Don’t Wait Until the End of the Year to Make Your Resolution
Who says you have to wait until the ball is about to drop to set resolutions for the year ahead? This limiting belief gives us license to throw up our hands if we fall off the resolution bandwagon. If you falter in February or March, don’t wait until next year to try again. Be mindful of your goals every day, regardless of the month or date.
Don’t focus on disappointments in the past. Discipline is a work in progress. Just keep at it. Centre your thoughts and intentions throughout the day on behaviours that will bring you closer to your goal. If you have a setback, don’t fold up your tent. Learn from it. Let it go. Recommit to the plan. If you only attended 8 classes this month, celebrate what you accomplished.
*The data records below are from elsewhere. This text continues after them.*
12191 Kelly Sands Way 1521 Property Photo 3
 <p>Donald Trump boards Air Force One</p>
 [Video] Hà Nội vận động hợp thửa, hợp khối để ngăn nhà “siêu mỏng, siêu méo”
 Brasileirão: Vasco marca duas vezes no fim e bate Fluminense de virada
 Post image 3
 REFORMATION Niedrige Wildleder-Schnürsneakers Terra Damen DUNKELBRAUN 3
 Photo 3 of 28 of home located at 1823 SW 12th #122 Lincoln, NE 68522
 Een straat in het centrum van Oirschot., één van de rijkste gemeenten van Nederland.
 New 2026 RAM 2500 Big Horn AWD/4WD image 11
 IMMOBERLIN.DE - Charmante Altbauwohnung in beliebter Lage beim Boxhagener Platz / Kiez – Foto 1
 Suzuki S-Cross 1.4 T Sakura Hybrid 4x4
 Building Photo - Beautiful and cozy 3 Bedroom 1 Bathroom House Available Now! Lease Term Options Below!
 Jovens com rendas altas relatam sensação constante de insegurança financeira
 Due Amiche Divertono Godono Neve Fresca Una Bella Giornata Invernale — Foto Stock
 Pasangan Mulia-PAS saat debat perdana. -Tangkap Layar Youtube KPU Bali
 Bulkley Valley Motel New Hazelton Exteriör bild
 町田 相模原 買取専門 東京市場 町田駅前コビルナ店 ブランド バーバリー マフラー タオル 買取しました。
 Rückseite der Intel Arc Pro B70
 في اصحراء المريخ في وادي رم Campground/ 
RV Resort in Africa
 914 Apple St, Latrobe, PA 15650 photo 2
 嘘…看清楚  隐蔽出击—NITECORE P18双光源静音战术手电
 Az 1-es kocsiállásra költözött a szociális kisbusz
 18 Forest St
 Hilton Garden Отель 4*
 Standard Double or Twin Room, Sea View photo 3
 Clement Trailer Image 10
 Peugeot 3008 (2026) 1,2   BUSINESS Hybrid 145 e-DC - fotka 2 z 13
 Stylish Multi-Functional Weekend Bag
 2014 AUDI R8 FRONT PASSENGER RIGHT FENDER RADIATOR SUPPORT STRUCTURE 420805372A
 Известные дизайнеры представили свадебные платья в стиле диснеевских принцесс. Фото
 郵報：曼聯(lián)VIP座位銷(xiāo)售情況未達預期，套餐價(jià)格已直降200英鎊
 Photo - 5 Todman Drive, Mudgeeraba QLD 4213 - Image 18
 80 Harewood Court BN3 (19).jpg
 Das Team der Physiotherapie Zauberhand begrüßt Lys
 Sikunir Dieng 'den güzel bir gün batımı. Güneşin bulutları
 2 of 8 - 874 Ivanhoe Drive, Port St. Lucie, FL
Then try again next month to reach your goal.
Maintaining a resolution is challenging, but not impossible. Setting a firm intention makes it more likely you’ll achieve your goal. Focus on one achievable goal. Make it specific and measurable. Get an accountability partner. Focus on the results as you work toward your larger goal. Don’t wait until the end of the year to begin working on your resolutions.
If a fitness goal topped your resolutions list this year, commit to a 10-day challenge. Pick up your 10-Day Challenge card and select your classes. Attend 10 yoga classes in 30 days. You’ll be able to measure the results in many ways: the bathroom scale, the way your pants fit, the compliments you receive. As an added bonus, you will lay the foundation for a lifetime of good health.